Les auteurs ont suivi pendant 20 ans des enfants qui ont pu bénéficier de la prescription de statines dès leur plus jeune âge. 

Les courbes de survie montrent que ces enfants devenus adultes sont protégés vis-à-vis du risque cardiovasculaire alors que leurs parents, qui avaient été traités tardivement, ont eu une altération de leur pronostic cardiovasculaire. 

Ces deux types de travaux doivent nous inciter à un dépistage et à un traitement précoce de l’hypercholestérolémie en population générale.

 

Quel est l’obstacle le plus fréquent lors de la prise des statines ?

 

C’est bien la survenue de douleurs musculaires aiguës ou chroniques qui vient diminuer l’observance du traitement par statines. Le médecin doit rechercher les signes qui sont évocateurs des conséquences musculaires des statines et l’on peut s’aider alors de l’échelle de Rosenson. 

Les signes qui sont en faveur d’une myopathie liée aux statines sont les suivants : 

– le caractère symétrique des douleurs musculaires au niveau des hanches ou au niveau des cuisses, 

– le caractère précoce de la survenue des douleurs musculaires par rapport à l’instauration des statines, 

– la disparition rapide en moins de 15 jours des douleurs musculaires si elles sont liées à la prise des statines, 

– et la réapparition des mêmes douleurs musculaires lorsqu’il y a une reprise du traitement par statines.

Le deuxième obstacle peut correspondre à une efficacité limitée par rapport à celle qui est attendue. 

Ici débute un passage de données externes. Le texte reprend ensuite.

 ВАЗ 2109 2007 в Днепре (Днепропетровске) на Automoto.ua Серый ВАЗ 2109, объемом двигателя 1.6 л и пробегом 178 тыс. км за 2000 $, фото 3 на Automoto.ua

Une étude de pharmacocinétique récente a montré qu’il y avait effectivement une modulation génétique de la réponse aux statines mais que cette variation d’efficacité était aux alentours de 10 % et ne pouvait donc pas expliquer une variation importante de l’efficacité en pratique quotidienne.

 

Quel est le premier traitement de seconde ligne après une statine ?

 

Depuis la publication de l’étude IMPROVE-IT, il y a eu une adoption progressive par le milieu cardiologique de l’ézétimibe comme traitement de seconde ligne. Ainsi, dans de grands registres nationaux, on a observé dans le syndrome coronaire aigu, une augmentation progressive de la prescription d’ézétimibe de 5 % en 2009 jusqu’à 20 % en 2017. La prescription d’ézétimibe a rendu possible l’obtention plus fréquente des seuils recommandés par les sociétés internationales. 

Cette année a été l’occasion de la publication de l’étude française Treat Stroke to Target visant à comparer 2 objectifs thérapeutiques pour le LDL cholestérol dans le cadre de l’accident vasculaire cérébral d’origine ischémique. 

L’étude a montré la supériorité sur le critère primaire de la stratégie visant à abaisser le LDL cholestérol aux alentours de 0,65 g/L contre la stratégie plus modérée pour laquelle le LDL cholestérol était aux alentours de 0,96 g/L ; la baisse significative du risque relatif vis-à-vis du critère primaire a été de 22 %. 

Lorsque l’on compare la stratégie dont le LDL cholestérol est inférieur à 0,7 g/L avec la stratégie dont le LDL cholestérol est compris entre 0,9 et 1,1 g/L (figure 5), la prescription d’une association statine-ézétimibe est d’environ 30 % dans le premier groupe et d’environ 6 % dans le dexième groupe.

 

Peut-on encore avoir en 2020 des réticences vis-à-vis de la prescription d’hypolipémiants ?

 

Dans une métaanalyse qui vient tout juste de paraître en 2020 dans le Lancet Diabetes Endocrinology, les auteurs ont encore augmenté la masse de données vis-à-vis des hypolipidémiants par rapport à la métaanalyse d’Oxford de 2016 (figure 6). 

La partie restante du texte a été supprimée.